Yayasan Lembaga Hukum Indonesia (YLBHI) meminta agar pemerintah menghentikan proses pembangunan proyek strategis nasional (PSN) Food Estate Merauke di Papua Selatan. Pembangunan Kawasan Pengembangan Pangan dan Energi Merauke tersebut dinilai melanggar konstitusi dan peraturan yang ada di Indonesia.
Aktivis LBH Papua Pos Merauke, Teddy Wakum, mengatakan PSN tersebut lebih banyak mendatangkan kerugian dibandingkan keuntungan. Proses pembangunan PSN di Merauke telah melanggar konstitusi dan peraturan yang ada di Indonesia.
“Proyek PSN Merauke harus dihentikan karena melanggar konstitusi dan peraturan yang berkenaan dengan hak hidup, hak masyarakat adat, hak atas tanah, hak bebas berpendapat, hak atas pembangunan, hak atas pangan dan gizi, hak atas lingkungan hidup yang baik dan sehat, serta prinsip tujuan pembangunan berkelanjutan," ujar Teddy dalam konfrensi pers, di Jakarta, Rabu (16/10).
Dia mengatakan, LBH Papua poros Merauke telah mendapatkan kuasa penuh dari empat marga untuk melaksanakan proses penolakan terhadap pembangunan PSN tersebut. Namun, pihaknya memilih tidak melaporkan tindakan yang dilakukan oleh perusahaan pemegang izin pengelolaan dan pengembangan wilayah PSN.

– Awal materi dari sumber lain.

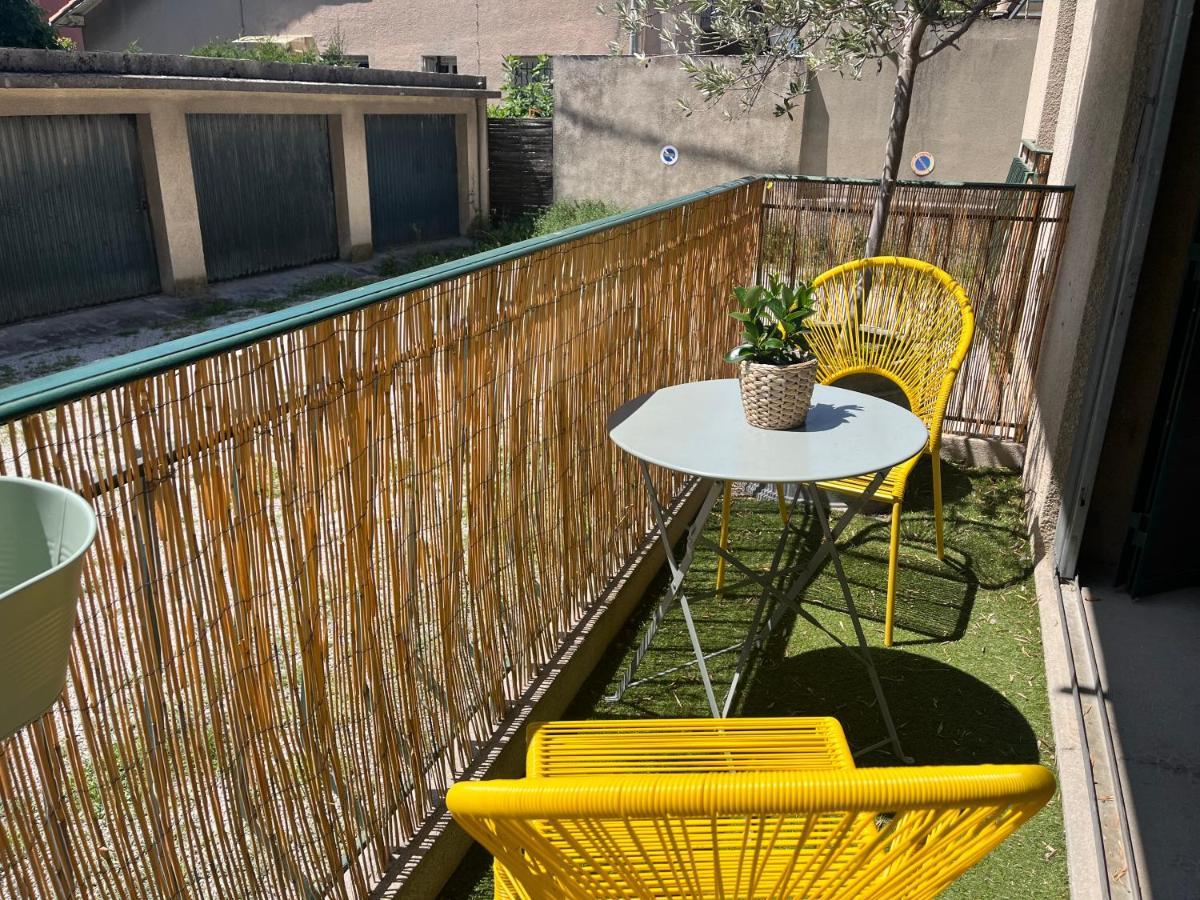 אקס-אן-פרובאנס Bel Appartement Lumineux Et Calme A 10Min A Pied Du Centre Aix Avec Parking Et Air Conditionne מראה חיצוני תמונה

"Apabila kita mengambil langkah-langkah, misalkan pelaporan kemungkinan besar tidak begitu banyak ada dampaknya. Sedangkan keinginan kita adalah menghentikan proses PSN ini," ujarnya.
Dia mengatakan, LBH telah mendampingi masyarakat untuk dapat bertemu dengan beberapa pihak terkait seperti pemerintah daerah. Namun, ia menyayangkan proses pembangunan PSN di Merauke sangat tertutup kepada masyarakat asli Merauke. Masyarakat tidak mendapatkan informasi terkait adanya pembangunan PSN.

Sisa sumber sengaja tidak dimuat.